There were a couple of things worth noting in this approach. First and foremost, this check isn't meaningful in the context of the end-to-end test. This should check the correct behavior exposed by the System Under Test and not its internals like emitting a metric or writing a log entry.

The second problem was the query used to retrieve the desired metric. Especially the from query parameter in the Graphite /render API, played a crucial role in getting the expected result (I'll cover that later).

Another issue was the lack of knowledge of the Graphite Server's configuration.

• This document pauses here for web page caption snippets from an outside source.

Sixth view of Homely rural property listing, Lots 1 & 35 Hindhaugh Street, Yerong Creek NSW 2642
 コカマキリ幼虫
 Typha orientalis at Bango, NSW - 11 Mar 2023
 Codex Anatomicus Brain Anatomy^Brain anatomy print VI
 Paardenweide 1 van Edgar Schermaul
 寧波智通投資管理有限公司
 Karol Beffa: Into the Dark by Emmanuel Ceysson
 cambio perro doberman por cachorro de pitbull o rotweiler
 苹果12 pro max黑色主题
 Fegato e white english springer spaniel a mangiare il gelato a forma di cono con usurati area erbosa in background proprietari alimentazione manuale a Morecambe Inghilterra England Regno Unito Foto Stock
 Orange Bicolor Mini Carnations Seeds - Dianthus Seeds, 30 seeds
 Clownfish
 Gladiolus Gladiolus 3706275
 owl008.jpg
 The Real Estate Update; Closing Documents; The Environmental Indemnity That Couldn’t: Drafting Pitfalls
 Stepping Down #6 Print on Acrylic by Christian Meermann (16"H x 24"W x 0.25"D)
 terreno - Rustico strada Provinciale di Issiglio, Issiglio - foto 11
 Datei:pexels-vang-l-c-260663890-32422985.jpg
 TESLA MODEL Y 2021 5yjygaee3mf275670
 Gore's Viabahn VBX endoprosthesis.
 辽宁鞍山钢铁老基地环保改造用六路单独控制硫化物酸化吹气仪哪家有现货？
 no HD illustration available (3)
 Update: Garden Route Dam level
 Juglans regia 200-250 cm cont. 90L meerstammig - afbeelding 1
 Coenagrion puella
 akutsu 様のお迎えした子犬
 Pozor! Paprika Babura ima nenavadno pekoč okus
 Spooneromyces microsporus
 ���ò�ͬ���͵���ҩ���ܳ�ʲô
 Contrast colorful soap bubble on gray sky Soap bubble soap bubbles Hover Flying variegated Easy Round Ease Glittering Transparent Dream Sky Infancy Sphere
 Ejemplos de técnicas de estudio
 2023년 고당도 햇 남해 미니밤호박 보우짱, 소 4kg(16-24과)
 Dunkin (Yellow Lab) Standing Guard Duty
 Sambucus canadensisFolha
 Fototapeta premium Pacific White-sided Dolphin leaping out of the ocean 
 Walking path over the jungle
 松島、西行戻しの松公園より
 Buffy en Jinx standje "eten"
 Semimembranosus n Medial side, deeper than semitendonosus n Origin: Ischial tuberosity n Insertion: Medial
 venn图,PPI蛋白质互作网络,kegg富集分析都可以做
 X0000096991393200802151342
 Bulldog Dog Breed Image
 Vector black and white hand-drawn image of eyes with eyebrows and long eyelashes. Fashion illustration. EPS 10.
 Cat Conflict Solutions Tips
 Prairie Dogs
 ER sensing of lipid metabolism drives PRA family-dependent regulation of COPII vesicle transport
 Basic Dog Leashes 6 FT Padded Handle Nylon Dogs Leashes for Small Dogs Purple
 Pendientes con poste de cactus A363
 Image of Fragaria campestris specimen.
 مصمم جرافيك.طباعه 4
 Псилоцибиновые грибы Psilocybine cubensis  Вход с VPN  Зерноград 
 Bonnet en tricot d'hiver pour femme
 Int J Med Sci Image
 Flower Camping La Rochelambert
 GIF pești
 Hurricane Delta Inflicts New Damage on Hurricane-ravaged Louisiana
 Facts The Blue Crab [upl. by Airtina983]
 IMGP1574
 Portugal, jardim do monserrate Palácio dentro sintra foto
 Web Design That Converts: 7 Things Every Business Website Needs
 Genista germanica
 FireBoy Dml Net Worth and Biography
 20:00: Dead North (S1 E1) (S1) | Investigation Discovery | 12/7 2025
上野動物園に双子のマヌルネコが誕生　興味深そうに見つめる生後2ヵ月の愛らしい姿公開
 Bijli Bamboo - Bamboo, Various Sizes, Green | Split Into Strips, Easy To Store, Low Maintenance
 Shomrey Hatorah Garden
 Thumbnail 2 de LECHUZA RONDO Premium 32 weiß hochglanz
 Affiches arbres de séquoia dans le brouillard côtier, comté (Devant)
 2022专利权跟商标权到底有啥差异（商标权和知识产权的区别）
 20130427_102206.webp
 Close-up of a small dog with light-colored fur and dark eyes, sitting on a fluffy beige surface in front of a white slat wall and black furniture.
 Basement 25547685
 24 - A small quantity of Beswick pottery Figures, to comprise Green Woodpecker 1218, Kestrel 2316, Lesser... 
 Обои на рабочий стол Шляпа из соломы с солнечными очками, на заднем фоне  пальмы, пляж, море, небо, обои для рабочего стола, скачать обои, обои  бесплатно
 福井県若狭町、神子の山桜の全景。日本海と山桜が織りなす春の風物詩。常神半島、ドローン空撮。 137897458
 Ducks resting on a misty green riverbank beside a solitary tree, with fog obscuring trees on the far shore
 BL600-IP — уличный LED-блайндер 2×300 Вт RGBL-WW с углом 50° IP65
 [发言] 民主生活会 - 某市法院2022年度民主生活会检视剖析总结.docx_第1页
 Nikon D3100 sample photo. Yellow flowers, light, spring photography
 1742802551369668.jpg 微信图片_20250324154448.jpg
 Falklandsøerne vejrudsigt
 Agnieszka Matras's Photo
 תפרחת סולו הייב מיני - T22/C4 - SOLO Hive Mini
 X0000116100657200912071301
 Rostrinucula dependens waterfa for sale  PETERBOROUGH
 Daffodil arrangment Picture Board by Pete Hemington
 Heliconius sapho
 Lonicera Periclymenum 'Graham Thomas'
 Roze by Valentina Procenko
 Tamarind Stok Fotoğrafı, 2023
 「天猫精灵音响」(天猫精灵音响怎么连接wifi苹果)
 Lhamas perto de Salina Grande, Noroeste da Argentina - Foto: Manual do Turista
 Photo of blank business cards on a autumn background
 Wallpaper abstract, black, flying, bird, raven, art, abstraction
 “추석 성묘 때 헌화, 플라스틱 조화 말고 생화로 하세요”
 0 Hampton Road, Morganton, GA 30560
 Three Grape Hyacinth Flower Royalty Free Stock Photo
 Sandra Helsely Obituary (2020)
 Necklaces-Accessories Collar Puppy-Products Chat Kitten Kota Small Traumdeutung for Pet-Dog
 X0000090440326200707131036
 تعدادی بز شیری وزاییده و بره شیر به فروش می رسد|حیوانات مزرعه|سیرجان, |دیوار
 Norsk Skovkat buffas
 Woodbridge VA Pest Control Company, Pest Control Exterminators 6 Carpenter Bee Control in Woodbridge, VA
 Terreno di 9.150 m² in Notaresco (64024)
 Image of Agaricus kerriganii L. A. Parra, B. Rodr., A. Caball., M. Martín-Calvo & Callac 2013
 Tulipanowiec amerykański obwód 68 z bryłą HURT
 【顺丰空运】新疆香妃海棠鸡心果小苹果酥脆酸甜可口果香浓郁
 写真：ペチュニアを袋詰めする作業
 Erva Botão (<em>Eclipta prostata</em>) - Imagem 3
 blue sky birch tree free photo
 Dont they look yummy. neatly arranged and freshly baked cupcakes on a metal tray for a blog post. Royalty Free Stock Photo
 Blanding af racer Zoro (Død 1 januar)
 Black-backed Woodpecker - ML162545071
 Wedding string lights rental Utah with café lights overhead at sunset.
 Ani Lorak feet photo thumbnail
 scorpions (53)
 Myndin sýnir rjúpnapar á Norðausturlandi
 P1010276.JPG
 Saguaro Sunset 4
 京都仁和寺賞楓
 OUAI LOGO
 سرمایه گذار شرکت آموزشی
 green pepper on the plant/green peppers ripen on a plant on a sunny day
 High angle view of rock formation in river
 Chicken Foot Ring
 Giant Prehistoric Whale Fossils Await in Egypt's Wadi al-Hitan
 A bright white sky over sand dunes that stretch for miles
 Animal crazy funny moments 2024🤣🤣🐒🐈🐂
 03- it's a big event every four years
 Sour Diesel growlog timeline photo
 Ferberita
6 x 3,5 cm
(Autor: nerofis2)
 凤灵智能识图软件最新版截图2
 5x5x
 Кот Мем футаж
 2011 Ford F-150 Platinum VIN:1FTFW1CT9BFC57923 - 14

The list could go ahead, but I prefer to stop here to preserve my developer reputation 😆 .

Graphite

The first thing to do was to improve my Graphite knowledge to understand its internals and fully control it 🪄. There you go. Below is a bulleted list with some of the concepts you might need to be aware of:

Graphite is a time-series database or TSDB. Graphite Documentation
In case you're not familiar with TSDB, please refer to this documentation It's vital that you understand how it works before proceeding with this blog post.
There are three components in the Graphite infrastructure:
1. Carbon: the backend of Graphite listening for time-series data. It can ingest data via different protocols. We'll use the plaintext protocol
2. Whisper: text-based file used to store data points received by Carbon
3. Graphite-Web: UI application used to render graphs and dashboards
There are two kinds of metrics that Graphite natively supports:
1. Counter: only-increasing metric
2. Gauge: a picture of a value at a specific time. This is also used to create Timers (histograms)
The metrics are organized in a hierarchical way (with the . used to qualify/organize the metrics). Good naming is fundamental to organizing and fetching metrics properly, by also supporting the usage of wildcard characters. Give a look at this amazing blog post for further details

There's more to cover, but I don't want to be too much off-topic with the blog post.

Docker Come to the Rescue 🛡️

I decided to create a small project to experiment and deep dive into Graphite (yes, you can blame me).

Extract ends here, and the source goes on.